Stephen Daldry’s (“The Reader”) newest screen adaptation, “Extremely Loud and Incredibly Close,” is a well thought-out story of a 9/11 child-victim’s struggle to cope with loss. But it tries a bit too hard.

Oskar Schell (Thomas Horn, debut) and his father (Tom Hanks, “Larry Crowne”) have a visibly close relationship. Oskar’s father tries to keep his son’s unique mind busy through scavenger hunts and mind exercises. But that is all interrupted when Oskar’s father dies in the World Trade Center on Sept. 11. After a year of putting his emotions on hold, Oskar rediscovers his father’s spirit of adventure when he finds a mysterious key in his father’s belongings. As he searches for the key’s owner throughout New York City, Oskar pushes himself out of his comfort zone and is helped by unlikely characters in a journey of self-discovery, growing up and overcoming fears.

Oskar reveals the emotional trauma he endured as a result of the “worst day” throughout the film bit by bit. Although he seems sound at the beginning of the movie, Oskar takes the audience by surprise in his willingness to vocalize his pain with strangers. In many scenes his physical and mental scars are too overbearing and obvious to be believable, but in others his actions and thought process are clear and understandable.

If taken from a child’s viewpoint, Oskar is just trying his best to survive without the one he knew he could rely on. When Oskar finally tells the whole story of the “worst day,” his strength and stability demand to be admired. Horn has a very promising career ahead of him.

Despite the chemistry between Oskar and his father, Oskar’s mother (Sandra Bullock, “The Blind Side”) is represented as an almost absent parent until her husband is killed, and she and Oskar are forced together. Bullock is simply amazing as Oskar’s mother as she tries to repair her relationship with her son, if there was one to repair at all. Scenes showing her emotional struggles with Oskar are intense, heartbreaking and more powerful than any other film this year. It’s a wonder she was overlooked this award season.

Max von Sydow (“Robin Hood”) plays the mysterious mute renter of Oskar’s grandmother’s spare room. At first, he and Oskar help one another out of their respective shells and grow a visible bond. However, while the plot seemed to be turning to focus completely on their relationship, Oskar demonstrates that he is the stronger character, breaking down The Renter who then runs away.

The meaning of his escape is there, but never again addressed, leaving a large loose end. Even at the end of the movie when a conclusion for The Renter is roughly produced, the essential question of his running away is not answered.

Symbolism plays a very large role in “Incredibly Close.” However, its place in the film is questionable. From the obvious image of the key in Oskar’s life to the images of The Falling Man throughout, having such prominent devices helps the audience keep track of Oskar’s emotional state. However, the film ultimately feels like it’s trying to be too deep for its own good. While everything is ultimately well put-together and makes sense, the sheer amount of weight “Incredibly Close” puts on the audience’s mind becomes more of a burden than something to be remembered.

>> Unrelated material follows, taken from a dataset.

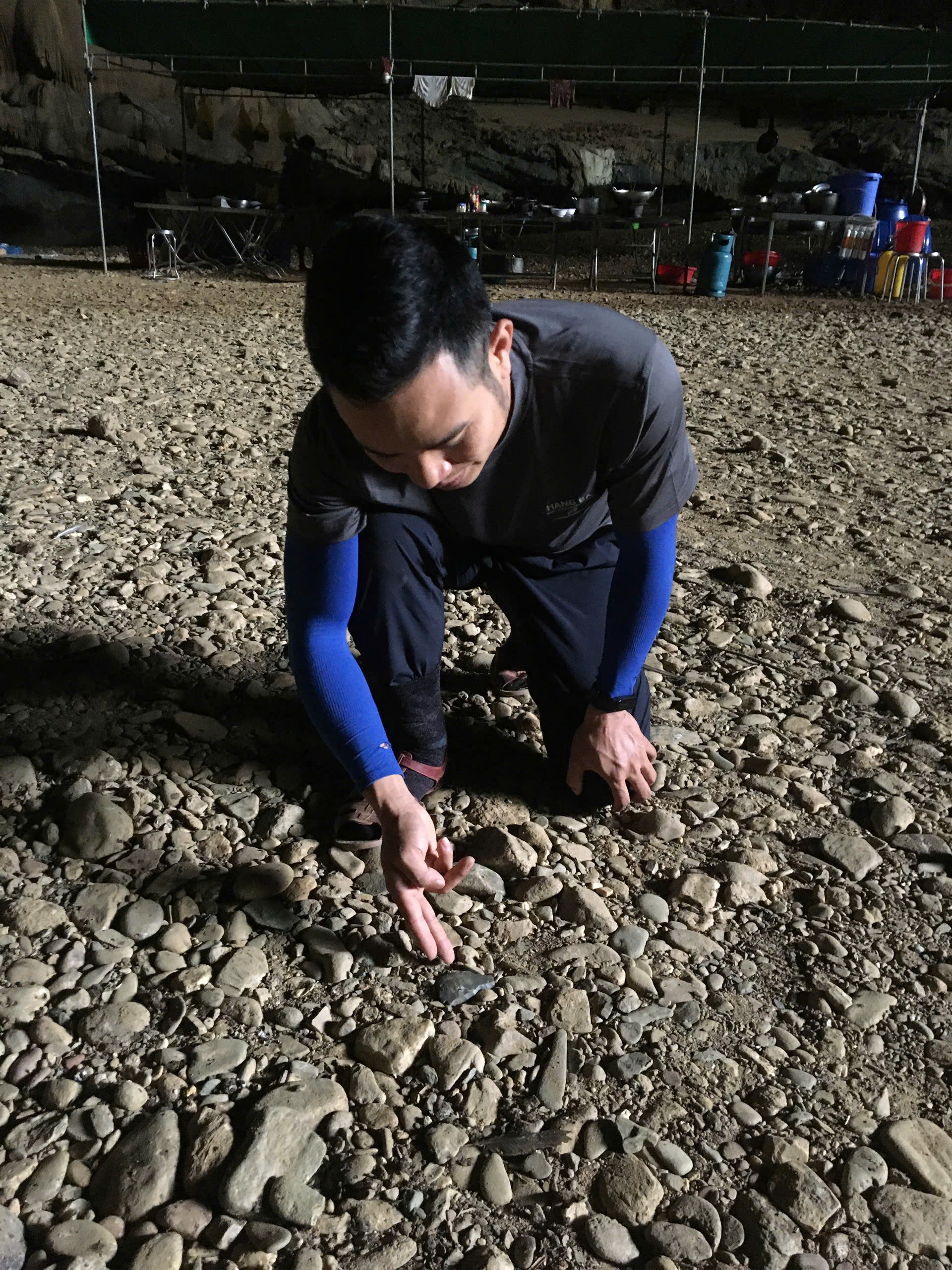 Phát hiện rìu đá khoảng 5.000 năm tuổi trong hang Én ở Vườn quốc gia Phong Nha - Kẻ Bàng - 2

Oskar’s search for the lock the key fits into leads him all over New York City. The film is shot with brilliant detail and showcases the diversity and size of the sprawling metropolis. “Incredibly Close” has a very large cast, most of whom are the random citizens of all boroughs of the city whom Oskar asks for clues relating to the key.

While Oskar’s interactions are brief, they never feel out of place or forced. Every side character is clearly helping Oskar understand a world without his father. The film has surprise performances by Viola Davis (“The Help”) and John Goodman (“The Artist”), and while their acting is superb, their presence seems only to validate “Incredibly Close” as an Oscar contender.

The overall message of “Incredibly Close” is one of acceptance and the unpredictability of life. The film’s themes are well conveyed, if a little overdone, with brilliant acting and a connected storyline that’s not too hard to follow. While definitely not a front-runner for Best Picture, following Oskar’s journey is not a waste of time and leaves a lasting emotional impression.